Canadian teacher & lecturer (1836–1861)

Barbara Ann Steward (sometimes spelled "Stewart") (1836 – 1861) was a teacher, lecturer, abolitionist and advocate for industrial education African-Americans. She was the daughter of abolitionist Austin Steward.

== Early life ==
Barbara Ann Steward was born in 1836 in Upper Canada, presently known as Ontario, to parents Patience and Austin Steward. A year after her birth, her family moved to Rochester, New York, and then to Canandaigua in western New York around 1842, where she lived for most of her life. Growing up, she was well-educated, as her father "spared no pains nor money to educate and qualify [her] for teaching". She studied to become a science teacher and afterwards assisted her father in running a school for colored children.

== Career and advocacy ==
At age seventeen, Steward acted as secretary and delivered an address at the 1853 Geneva, New York Colored Convention. Her father, an ex-slave and well-known abolitionist in his own right, served as president of the convention. That same year, Steward was chosen to represent Ontario's black citizen population at the black national convention in Rochester.

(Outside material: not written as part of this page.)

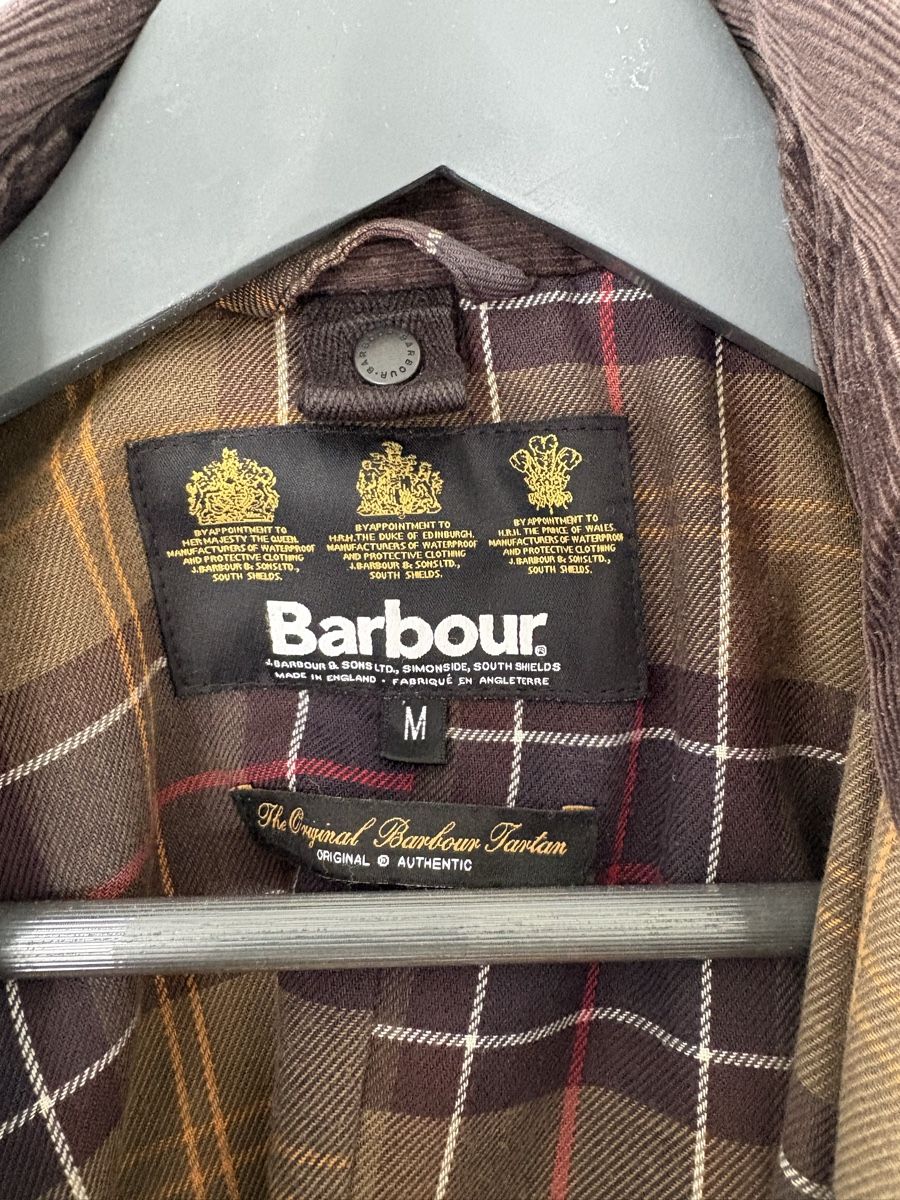 Barbour Jacken: Barbour Bristol - Olive - Gr. M – Gebraucht aus Zürich von MK0309 2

In 1855, Steward wrote a letter to Frederick Douglass entitled "The Industrial School", which was later published in his newspaper. In this letter, she expressed her surprise that so many black men opposed the establishment of industrial schools for colored people, and she argued that industrial schools would be beneficial to her race by elevating the employment prospects of black youth and keeping black men out of the "saloon". She also specified that she did not believe in education for education's sake, but rather that which has a practical application. Drawing from personal experience, she said: "But a mere knowledge of books, without a trade of some kind, is useless.... I have spent all my life in educating my head, and the brightest prospect I have today for the future, and the most advantageous offer I have ever had, is to sail for Monrovia on the coast of Africa, in October next". In other words, because she had no method of using it, Steward did not feel that her own education had helped her in life.

In September 1855, with the support of male colleagues such as Jermain Wesley Loguen and Frederick Douglass, Steward attempted to join the Convention of the Colored People of the State of New York held in Troy. However, she was turned away as a woman. Later that same month, Steward addressed the Meeting of Colored Citizens in Rochester on the "rights and wrongs of her suffering people". Afterwards, she was highly praised by Frederick Douglass' paper for her "zeal, devotedness, high character, and ability" in speaking out in the name of enslaved women who could not advocate for themselves. She went on to complete a lecture circuit in upstate New York and continued to tour New England around this time.

On August 3, 1857, Steward read the Act of Emancipation at the Great State Celebration of New York held to commemorate America's freedom from Britain.

== Death ==
Steward died of typhoid fever in 1861.